As for SB 352 (allowing midlevels to supervise MA’s), it is instructive to review what is currently allowed for NP and PA practice: essentially NP’s and PA’s can do legally do almost anything a physician can do if appropriately authorized (including supervision via chart review, in-person or telephonic consult, etc.), by the affiliated physician. This includes all diagnosis, minor surgery, deliveries, prescribing Schedule II narcotics, and issuing orders to hospital nursing staffs. No opinion is needed from us as to whether this should be or not; it’s a fact, and primary care OEM clinical practice has for decades sometimes included clinical activities with no physician on premises, but with general and specific practice protocols in place from the physician.
What SB 352 would do is to also allow midlevels to supervise MA’s doing what MA’s normally do, without a physician being in the building. It’s hard to see how there would be any substantive increased risk from this. For giving vaccines, for instance, the supervising physician currently assures that the PA or NP knows how to appropriately determine need, order the vaccine, and be trained to respond to adverse reactions whether the physician is on-site or not. This bill would merely allow the actual injection to be done by the MA, which they already can do if the physician is on-site, to be done when the midlevel is supervising.
SB 718 (Yee) Workplace Violence Prevention Plan: SUPPORT IF AMENDED
This bill would require a hospital, as part of its injury prevention program, to adopt a workplace violence prevention plan. As written, the program would cover health care workers, other facility personnel, patients and visitors from aggressive or violent behavior. This would also require the hospital to report to any incident of assault. We think that this bill should be supported as hospital workers are potentially exposed to violence particularly in psychiatric facilities. The Legislative Committee suggests supporting this bill with amendments. Our particular concern is that not all physicians practicing in a hospital are employees of the hospital and the bill should be amended to make it clear that physicians are covered by this bill also.

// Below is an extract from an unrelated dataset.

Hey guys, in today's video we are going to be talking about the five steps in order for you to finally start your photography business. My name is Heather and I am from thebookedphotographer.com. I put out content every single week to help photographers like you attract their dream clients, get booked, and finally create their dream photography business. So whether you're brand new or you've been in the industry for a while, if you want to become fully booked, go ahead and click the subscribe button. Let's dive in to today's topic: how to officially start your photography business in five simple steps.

SB 809 (DeSaulnier) Controlled Substance Utilization Review and Evaluation System (CURES): SUPPORT IF AMENDED
This bill establishes funding for the CURES system, allowing physicians access to electronic monitoring of the prescribing and dispensing of Schedule II, Schedule III, and Schedule IV controlled substances by all practitioners authorized to prescribe or dispense these controlled substances, qualified manufacturers, and specified insurers. The Legislative Committee recognizes the importance of this tool in prescribing opioids appropriately and the need for ongoing funding for it. We suggest supporting this bill with amendments. We are not suggesting a specific amendment at this time but want to attempt to reduce the proposed fee on physicians ($9.00), with more contribution from other stakeholders.